#### PROBLEM STATEMENT
Give the entries again exactly, without pictures.

= Beginning of Section =

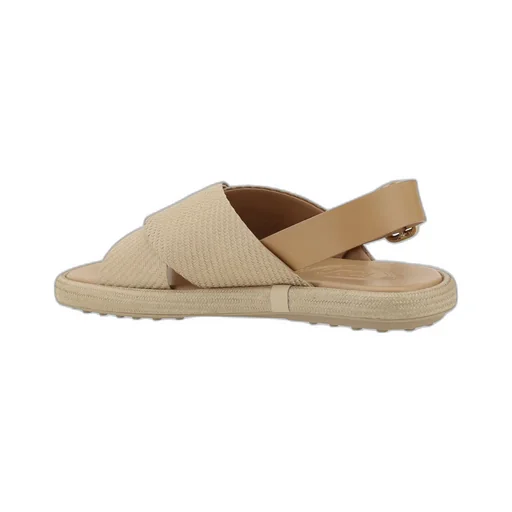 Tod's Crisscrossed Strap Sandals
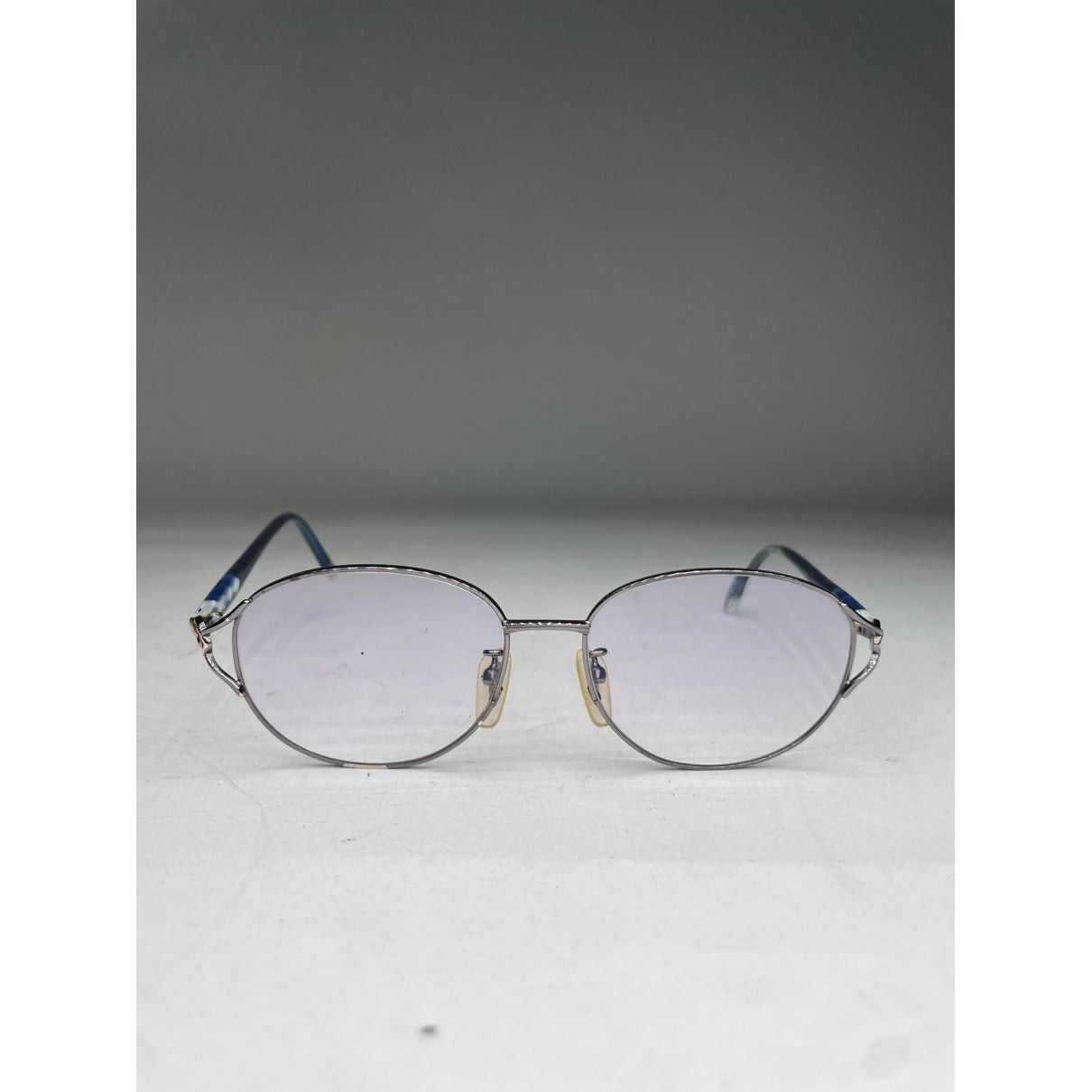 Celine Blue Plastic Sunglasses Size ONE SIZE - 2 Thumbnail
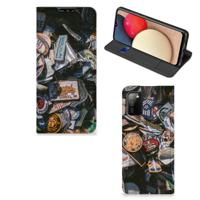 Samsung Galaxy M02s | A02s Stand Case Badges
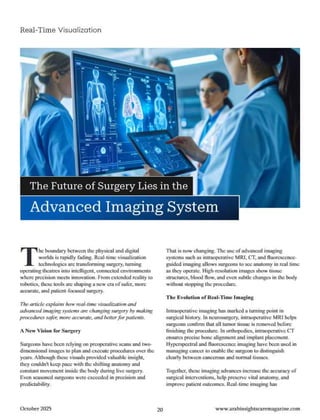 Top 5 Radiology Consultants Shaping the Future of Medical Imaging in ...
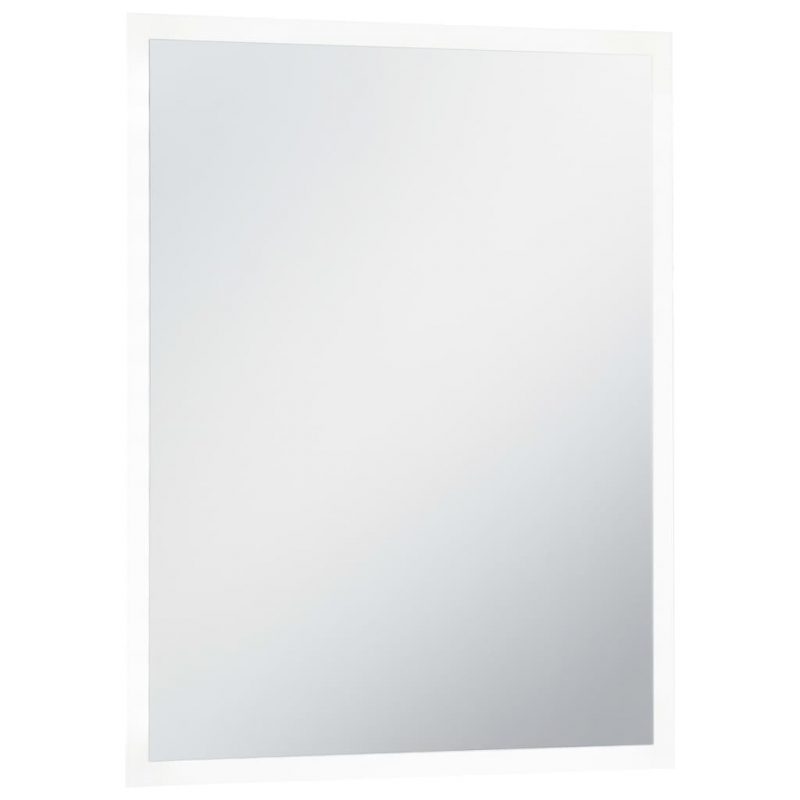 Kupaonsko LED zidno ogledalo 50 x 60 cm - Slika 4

= End of Section =

#### FINISHED TASK
 Tod's Crisscrossed Strap Sandals
 Celine Blue Plastic Sunglasses Size ONE SIZE - 2 Thumbnail
 Samsung Galaxy M02s | A02s Stand Case Badges
 Top 5 Radiology Consultants Shaping the Future of Medical Imaging in ...
 Kupaonsko LED zidno ogledalo 50 x 60 cm - Slika 4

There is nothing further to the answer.